● Activity: Below are entries. Give back exactly the lines from the one containing "this 447×325 image." through the one containing "this 474×241 image.", inclusive, without the pictures.

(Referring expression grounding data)
--- START ---

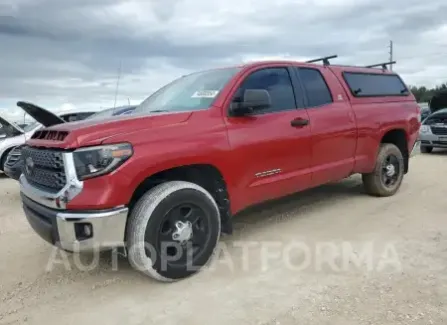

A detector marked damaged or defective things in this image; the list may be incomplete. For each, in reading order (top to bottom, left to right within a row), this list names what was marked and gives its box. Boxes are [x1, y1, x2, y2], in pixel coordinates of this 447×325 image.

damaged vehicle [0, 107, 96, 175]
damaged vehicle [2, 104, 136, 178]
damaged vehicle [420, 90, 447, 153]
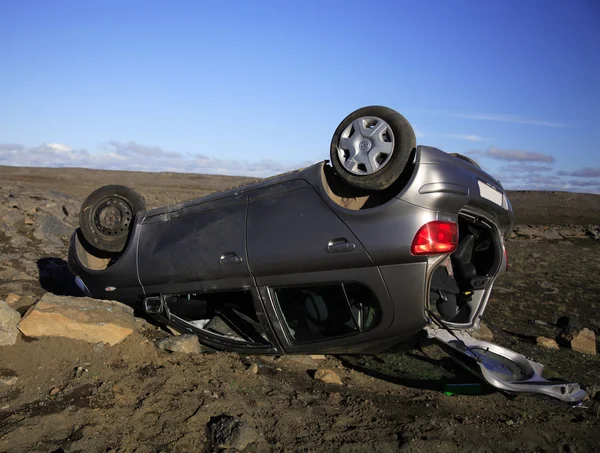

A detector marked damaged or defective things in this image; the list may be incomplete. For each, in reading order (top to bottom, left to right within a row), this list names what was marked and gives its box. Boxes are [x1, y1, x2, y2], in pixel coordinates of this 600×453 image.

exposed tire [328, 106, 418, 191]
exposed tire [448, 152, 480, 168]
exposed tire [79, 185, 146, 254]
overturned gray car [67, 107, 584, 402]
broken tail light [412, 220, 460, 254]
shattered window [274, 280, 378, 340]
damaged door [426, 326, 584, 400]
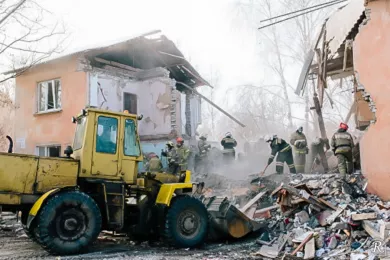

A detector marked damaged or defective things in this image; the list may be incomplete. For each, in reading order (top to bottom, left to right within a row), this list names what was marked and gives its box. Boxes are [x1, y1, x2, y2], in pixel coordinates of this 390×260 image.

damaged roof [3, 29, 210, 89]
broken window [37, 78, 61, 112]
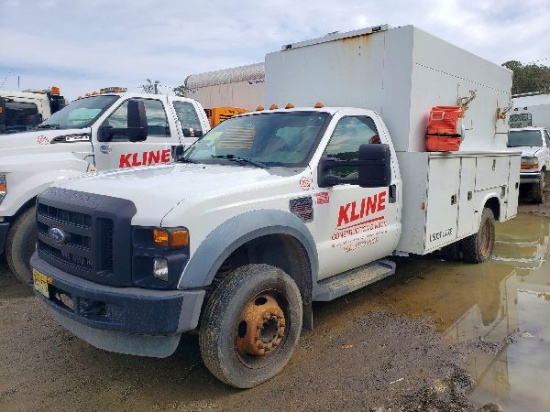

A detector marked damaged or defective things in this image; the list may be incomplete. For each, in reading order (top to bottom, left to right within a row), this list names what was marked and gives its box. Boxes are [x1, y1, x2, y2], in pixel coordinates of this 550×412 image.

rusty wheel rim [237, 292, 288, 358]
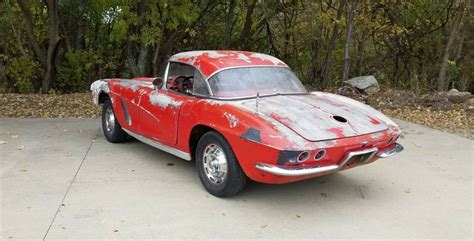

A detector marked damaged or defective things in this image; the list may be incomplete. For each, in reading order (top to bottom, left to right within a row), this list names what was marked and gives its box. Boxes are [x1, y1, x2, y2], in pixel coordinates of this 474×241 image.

--- END ---
--- START ---

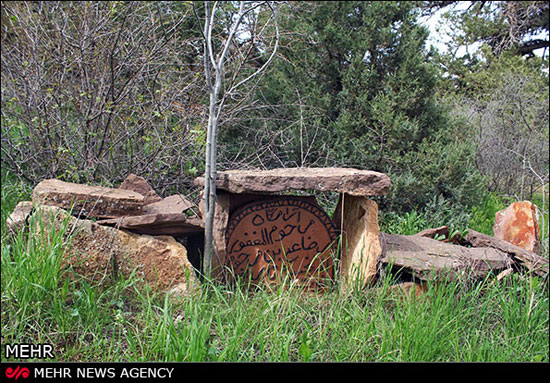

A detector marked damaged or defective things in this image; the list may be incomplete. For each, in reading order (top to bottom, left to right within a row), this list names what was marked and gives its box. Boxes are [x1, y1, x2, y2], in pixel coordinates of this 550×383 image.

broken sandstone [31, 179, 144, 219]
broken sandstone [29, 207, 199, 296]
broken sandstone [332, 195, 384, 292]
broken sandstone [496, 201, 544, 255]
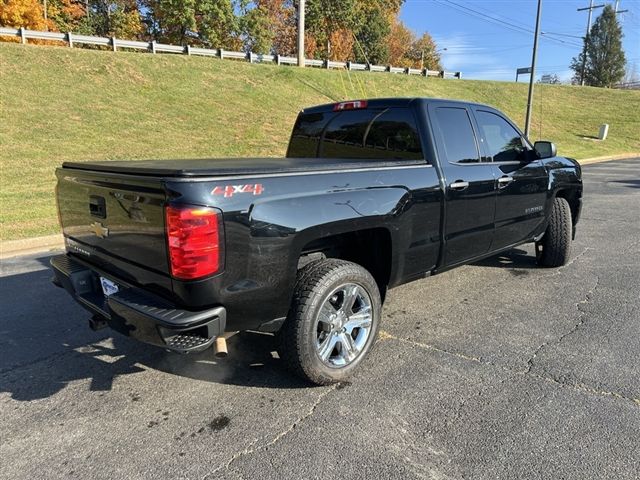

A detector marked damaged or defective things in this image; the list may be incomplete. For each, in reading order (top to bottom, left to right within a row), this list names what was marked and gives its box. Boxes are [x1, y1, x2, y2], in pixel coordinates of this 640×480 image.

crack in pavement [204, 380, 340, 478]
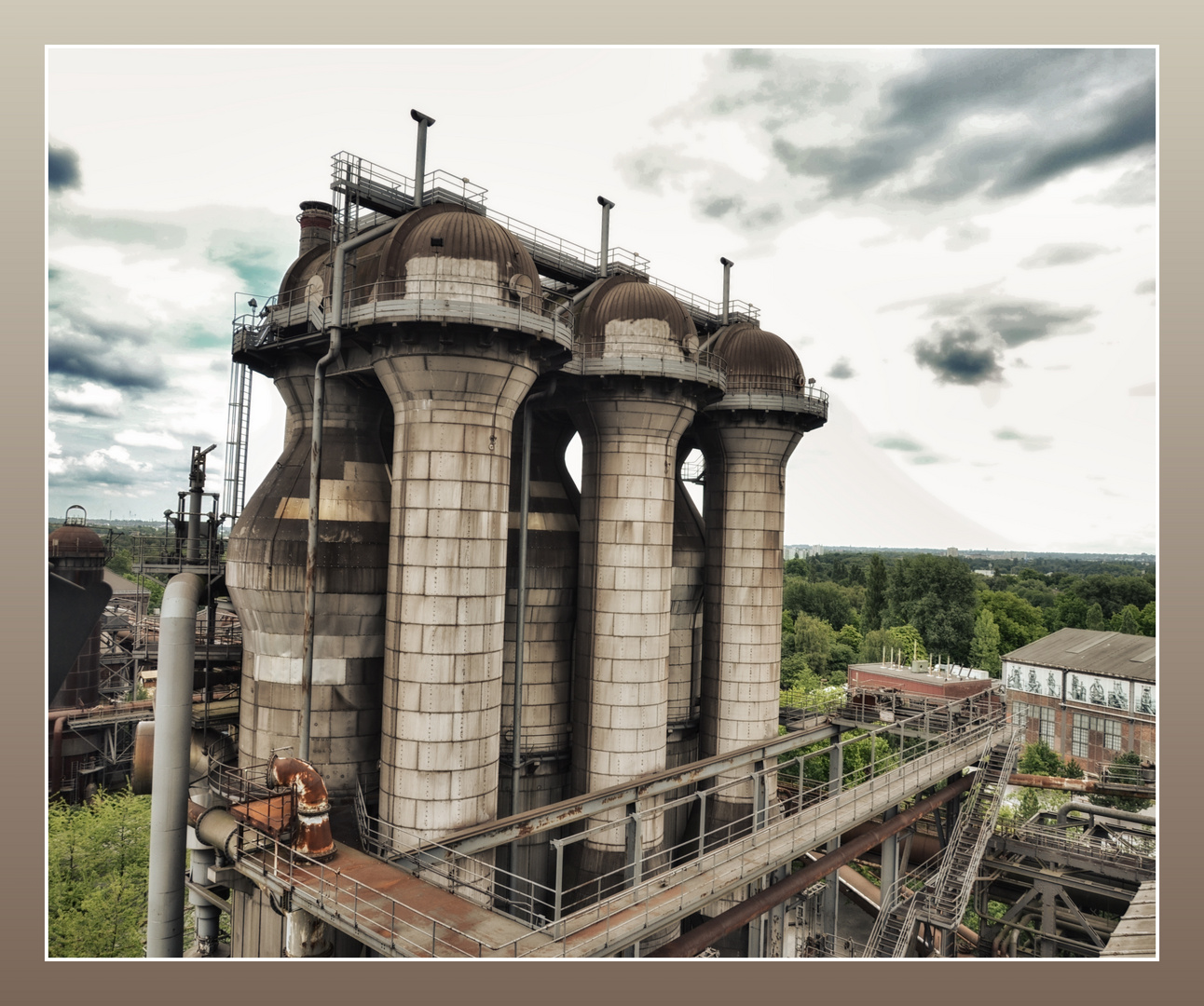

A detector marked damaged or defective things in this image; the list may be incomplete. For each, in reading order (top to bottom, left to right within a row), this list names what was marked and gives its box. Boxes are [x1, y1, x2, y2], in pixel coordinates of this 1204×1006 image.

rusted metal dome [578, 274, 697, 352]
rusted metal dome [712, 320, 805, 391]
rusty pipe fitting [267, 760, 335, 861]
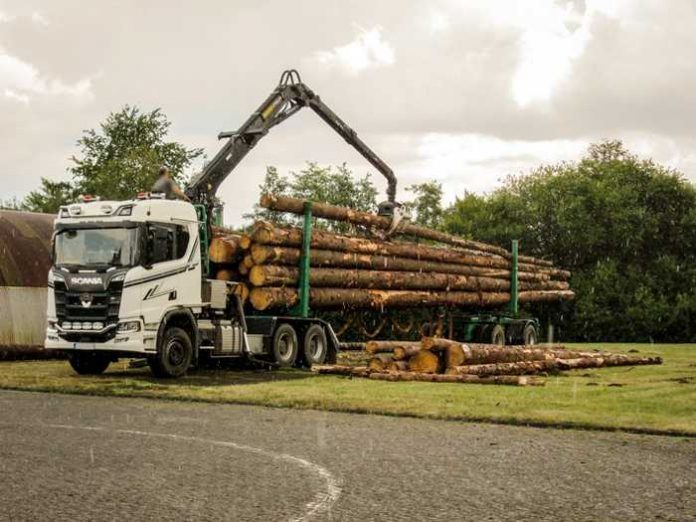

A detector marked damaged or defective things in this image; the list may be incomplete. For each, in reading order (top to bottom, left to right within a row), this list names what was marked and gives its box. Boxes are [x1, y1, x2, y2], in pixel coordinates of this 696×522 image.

--- END ---

● Response:
A detector marked damaged or defective things in this image; the list may be incomplete. For each, in reading order (top to bottom, left to right within a row), this list names what was marked and gives its box. Boxes are [x1, y1, x2, y2], in pixel coordinates of this 447×325 image.

damaged vehicle [0, 107, 96, 175]
damaged vehicle [2, 104, 136, 178]
damaged vehicle [420, 90, 447, 153]

A detector marked damaged or defective things in this image; the list may be incomplete. For each, in reading order (top to bottom, left to right within a row), this list names what was marked and gives its box. Boxes are [x1, y1, x2, y2], in pixel coordinates of this 600×453 image.

exposed tire [328, 106, 418, 191]
exposed tire [448, 152, 480, 168]
exposed tire [79, 185, 146, 254]
overturned gray car [67, 107, 584, 402]
broken tail light [412, 220, 460, 254]
shattered window [274, 280, 378, 340]
damaged door [426, 326, 584, 400]

A detector marked damaged or defective things in this image; the list may be incomplete. For each, in reading order (top to bottom, left to right within a row), this list names what was marked and gives its box. Boxes are [x1, y1, x2, y2], in pixel coordinates of this 390×260 image.

damaged roof [3, 29, 210, 89]
broken window [37, 78, 61, 112]

A detector marked damaged or defective things in this image; the list may be incomplete. For each, in reading order (top to bottom, left to right within a row), this list names what was marked and gives its box. Boxes are [x1, y1, x2, y2], in pixel coordinates of this 550×412 image.

rusty wheel rim [237, 292, 288, 358]

A detector marked damaged or defective things in this image; the list may be incomplete. For each, in reading order (top to bottom, left to right within a row), this list names what was marked and gives its box. Boxes are [x1, y1, x2, y2], in pixel coordinates of this 474×241 image.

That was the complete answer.